Bucket work for him at 6 feet will solidify his draw and move him into the comfortable stage. We shoot at a 6 inch target on cardboard set about 4 inches in front of ballistic material. The wax falls down into a bucket. The cardboard shows where the misses hit and as the shooter goes through a 50 shot session his accuracy will tighten into the 6 inch target. We want to shoot quick, but speed is not important, getting the draw comfortable and repeatable is important. Speed will come naturally was the shooter gets comfortable.
The 6 year old is still on the table and is about ready to transition to the holster. He is a point and shoot shooter and hits are important to him. Shooting at 89-90% now. I intend to hold him on the table for 3 or 4 months to make sure of his gun handling skills.
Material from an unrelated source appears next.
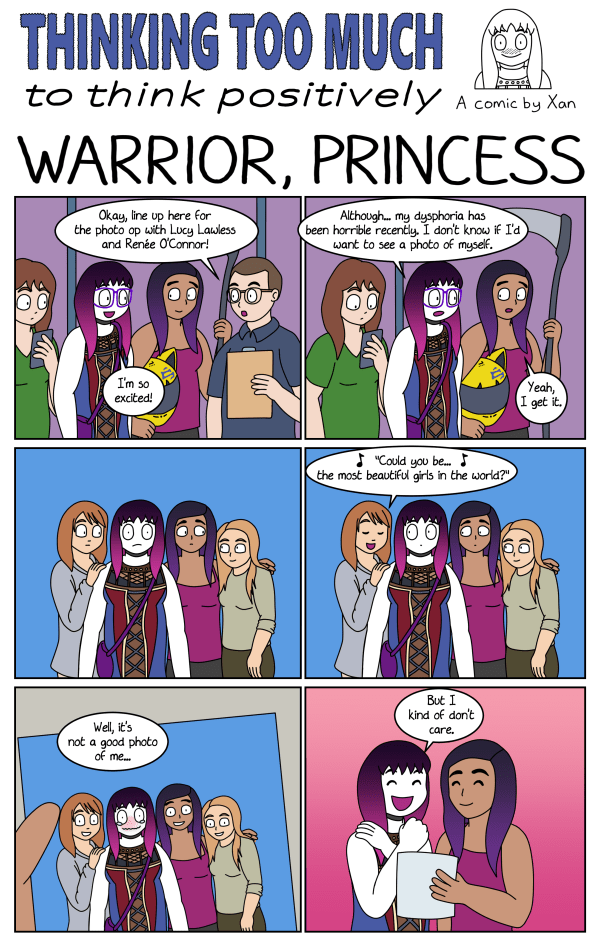 Warrior Princess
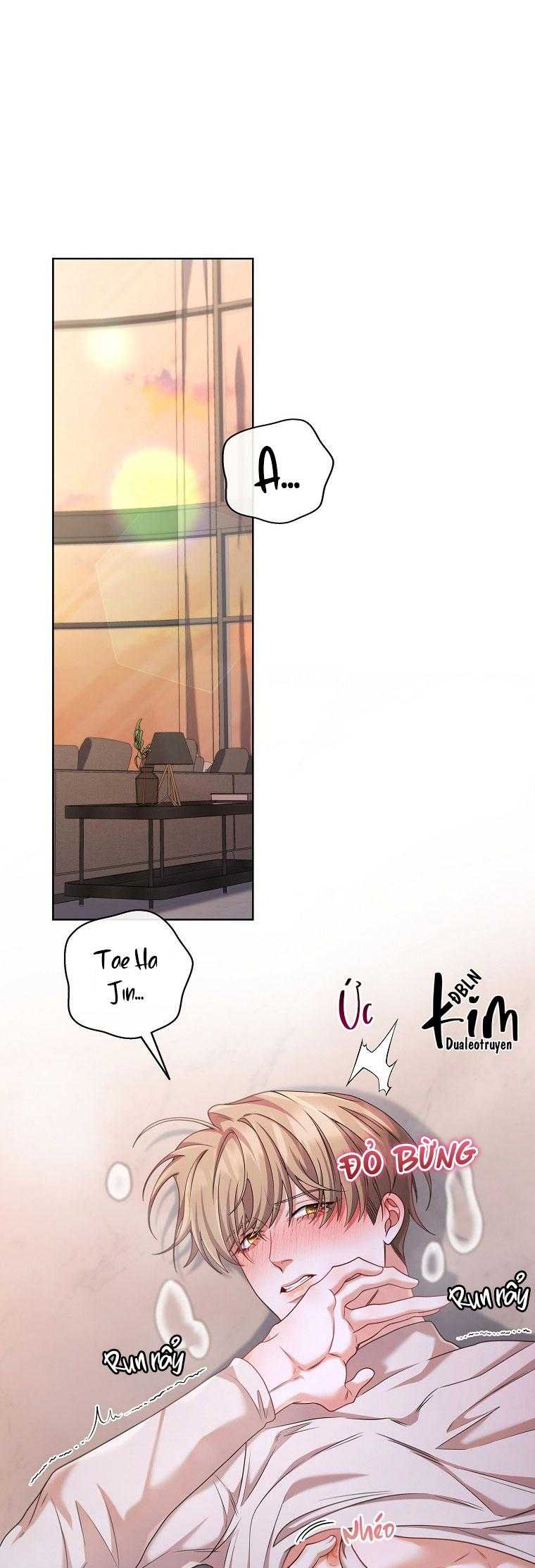 OPEN THE DOOR Chapter 55 - Trang 2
I see other mentors load their shooter's gun. I think it is important that the shooter, even at age 6 on the table, load and unload his or her own gun. Loading and unloading is valuable time learning and becoming comfortable in handling their gun. They need every opportunity to exercise of their hand muscles and gain the strength necessary to be a safe shooter. Don't take this valuable time await from them.
I have a issue to resolve with the 6 year old. Trying to decide whether to move him directly to his two handed hip level shot from the table and skipping the draw, point, and shoot, stage. I see two brothers with tons of mentoring struggling with moving from point and shoot stage to hip level shooting.. It stems from their competitiveness. Even at 6, 7, and 8, they want to win so much, the target just draws them back to the point and shoot stage, especially boys.
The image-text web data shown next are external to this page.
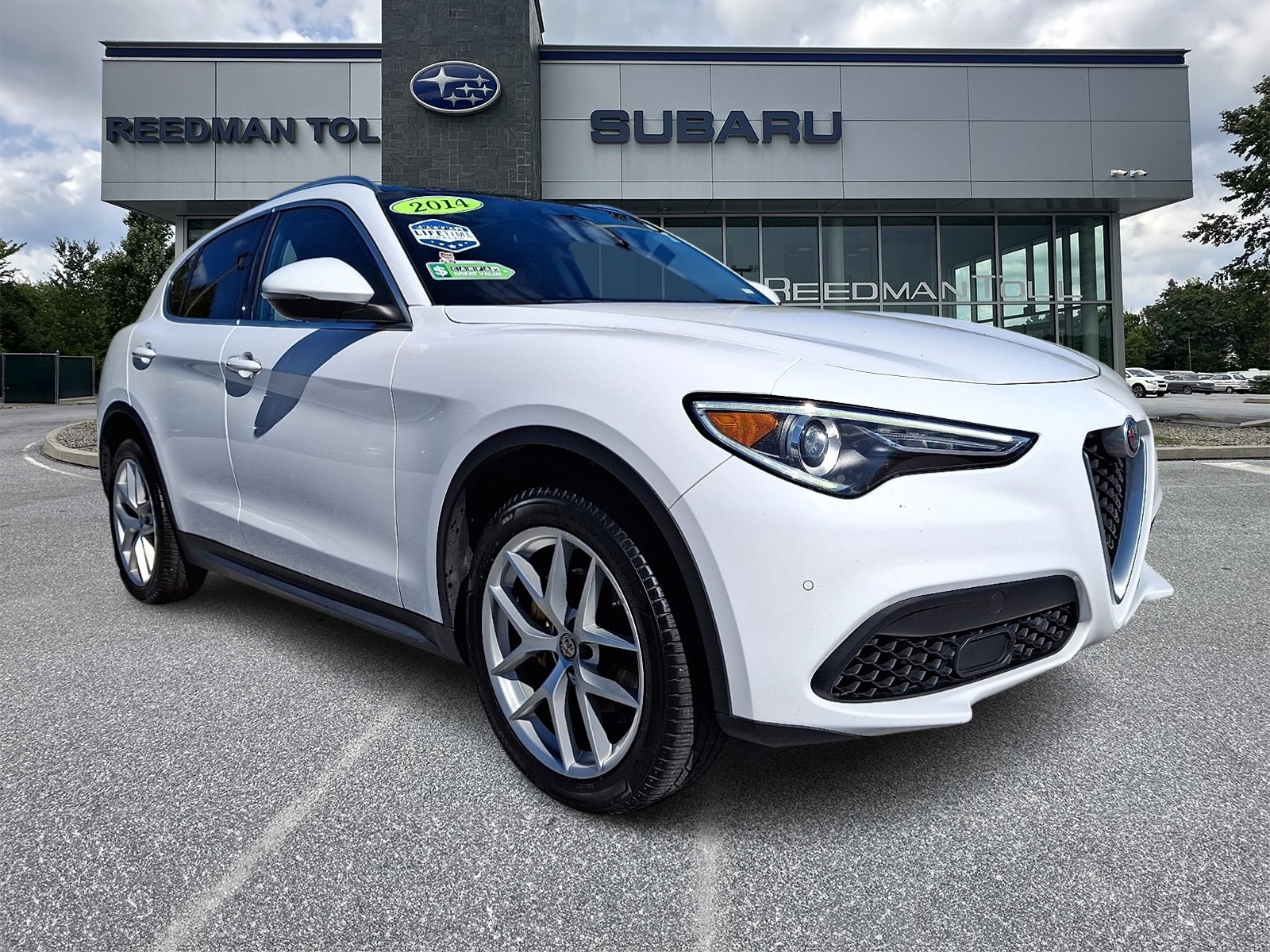2019 Alfa Romeo Stelvio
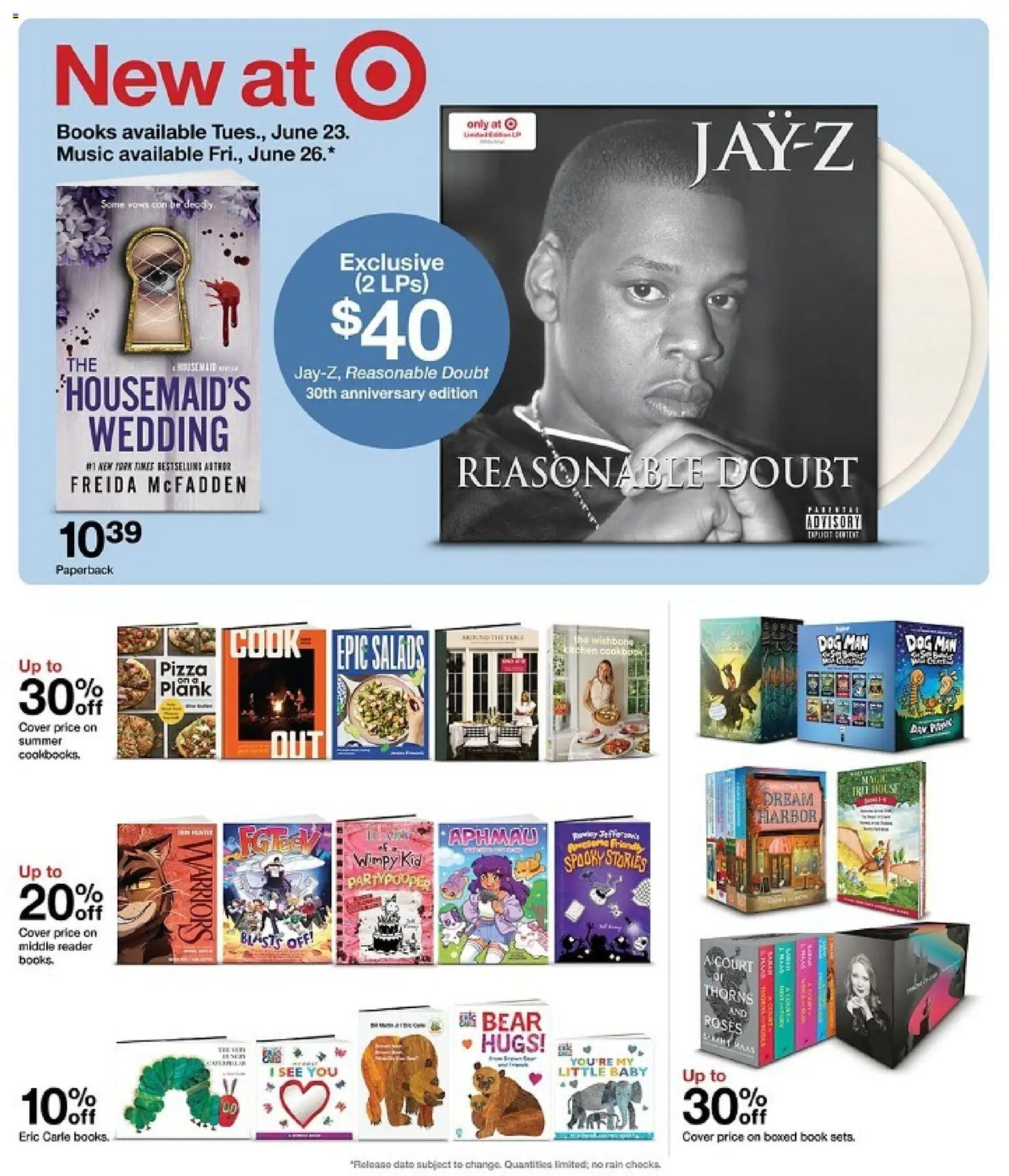 Target Weekly Ad - valid from 21.06.2026 | Page: 17
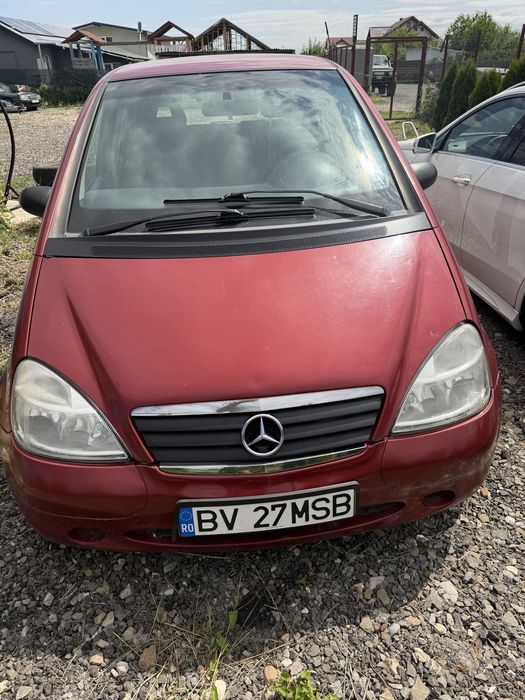 MERCEDES-BENZ A-Class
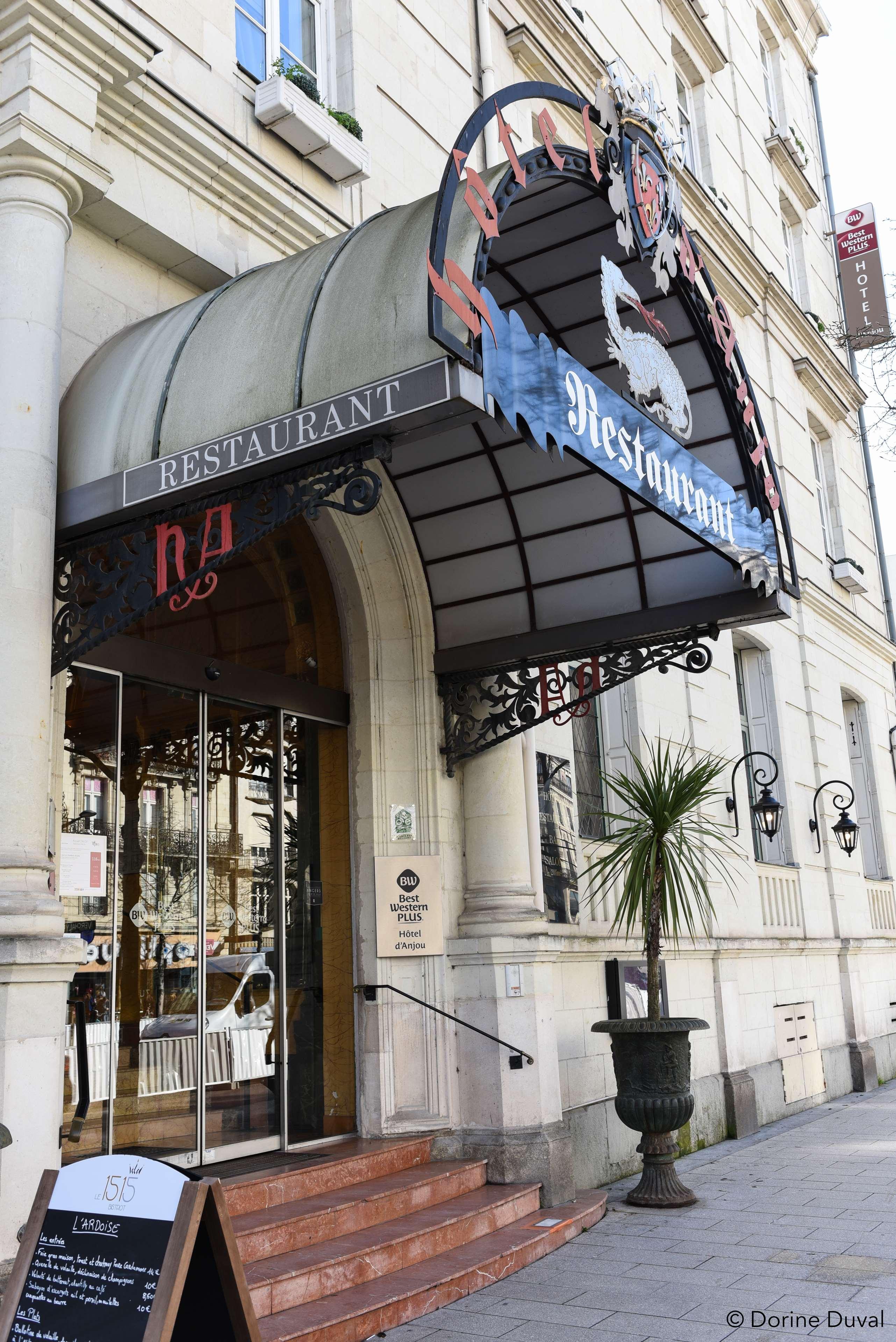 Hotel Western D'anjou 4*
I think I will keep the 6 year old on the table shooting point and shoot until he gets his fast draw holster. Then I will transition him to the holster directly to shooting from the hip. Will never let him shoot, point and shoot, from the holster. It will difficult for him because hits are really important to him (always has to report how he beat grandpa) but I think that is the best for him.
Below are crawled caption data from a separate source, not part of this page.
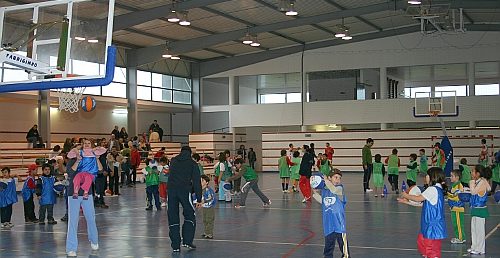 Pavilhão Gimnodesportivo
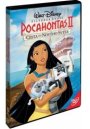 nahlad Pocahontas 2: Cesta do Nového světa - DVD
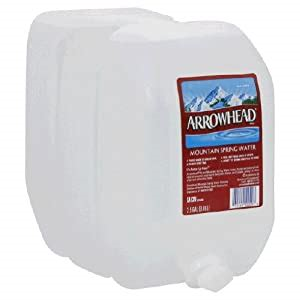 Arrowhead Water 2.5gal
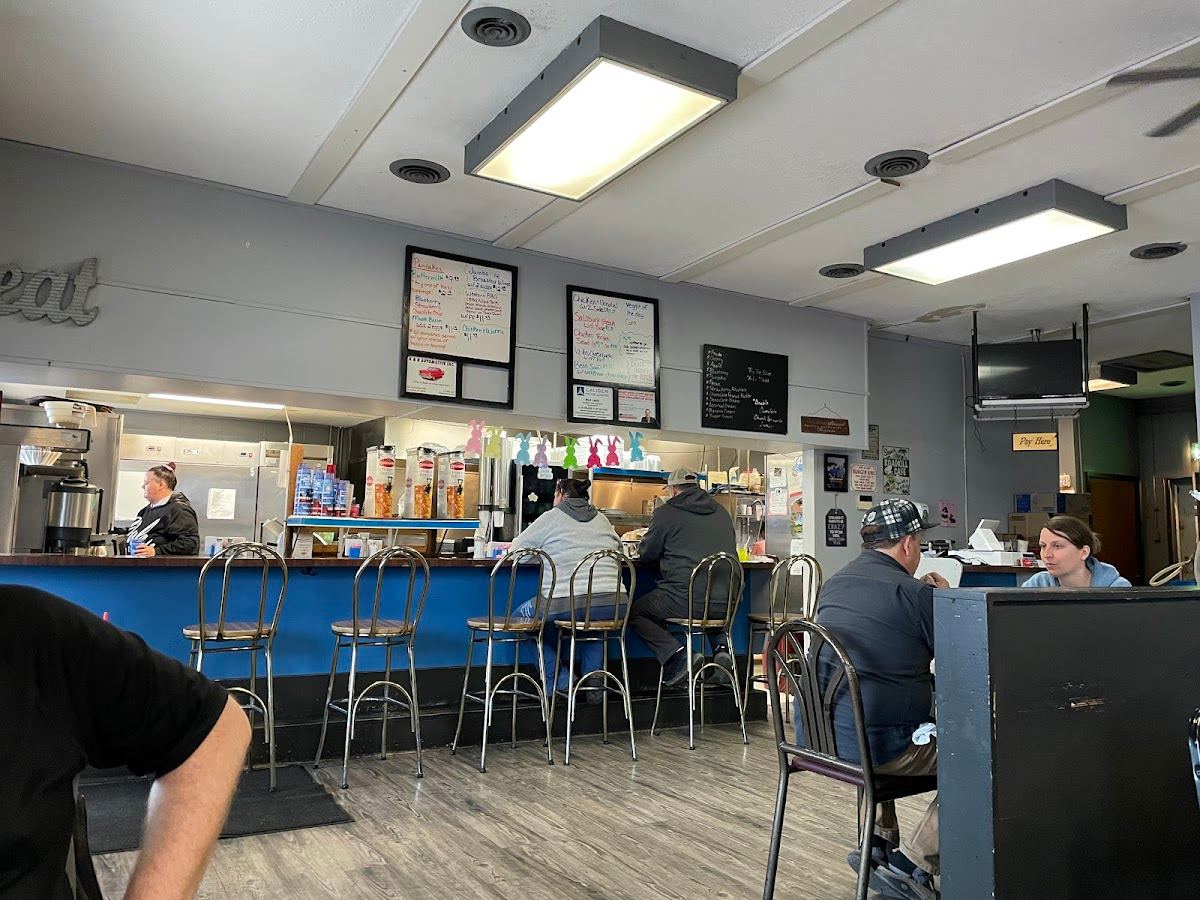 Broadway Diner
New adult shooters may want to consider this. Start with two handed hip shooting. Skip the point and shoot stage all together. Watching new adult shooters, they all struggle moving away from the point and shoot stage. Generally, if left on our own, we spend a lot of time learning to be quick at point and shoot, then spend years trying to unlearn this stage and move to shooting without aiming or pointing. Just skip it all together. Going to try it with the 6 year old. Will post how it goes.